8) When was Satake isomorphism introduced?

1963

1964

1965

1966

The Satake isomorphism was introduced in 1963.

Explanation

The Satake isomorphism was introduced in 1963.

9) What does G represent?

Trojan group

Chevalley group

Chivallas group

Martins theorem

G represents the Chevalley group. Chevalley groups are a class of algebraic groups introduced by Claude Chevalley. They are defined over a field and have a specific structure that makes them important in the study of algebraic groups and Lie algebras. The other options, Trojan group, Chivallas group, and Martins theorem, are unrelated to the concept of Chevalley groups.

Explanation

G represents the Chevalley group. Chevalley groups are a class of algebraic groups introduced by Claude Chevalley. They are defined over a field and have a specific structure that makes them important in the study of algebraic groups and Lie algebras. The other options, Trojan group, Chivallas group, and Martins theorem, are unrelated to the concept of Chevalley groups.

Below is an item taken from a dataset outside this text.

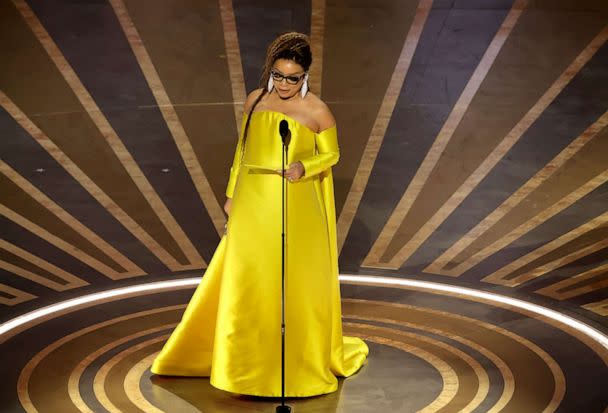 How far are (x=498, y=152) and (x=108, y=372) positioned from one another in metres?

10) What does K represent?

Non-archimedean local field

Archimedean local field

Local field

Global field

K represents a non-archimedean local field. This type of field is a complete field with a non-archimedean absolute value, meaning that it does not satisfy the archimedean property. In a non-archimedean local field, the absolute value of a nonzero element is a positive real number, and the field is equipped with a topology induced by this absolute value. This is in contrast to an archimedean local field, where the absolute value satisfies the archimedean property. A local field is a field that is complete with respect to a non-trivial absolute value, and a global field is a field that is finite-dimensional over its prime field.

Explanation

K represents a non-archimedean local field. This type of field is a complete field with a non-archimedean absolute value, meaning that it does not satisfy the archimedean property. In a non-archimedean local field, the absolute value of a nonzero element is a positive real number, and the field is equipped with a topology induced by this absolute value. This is in contrast to an archimedean local field, where the absolute value satisfies the archimedean property. A local field is a field that is complete with respect to a non-trivial absolute value, and a global field is a field that is finite-dimensional over its prime field.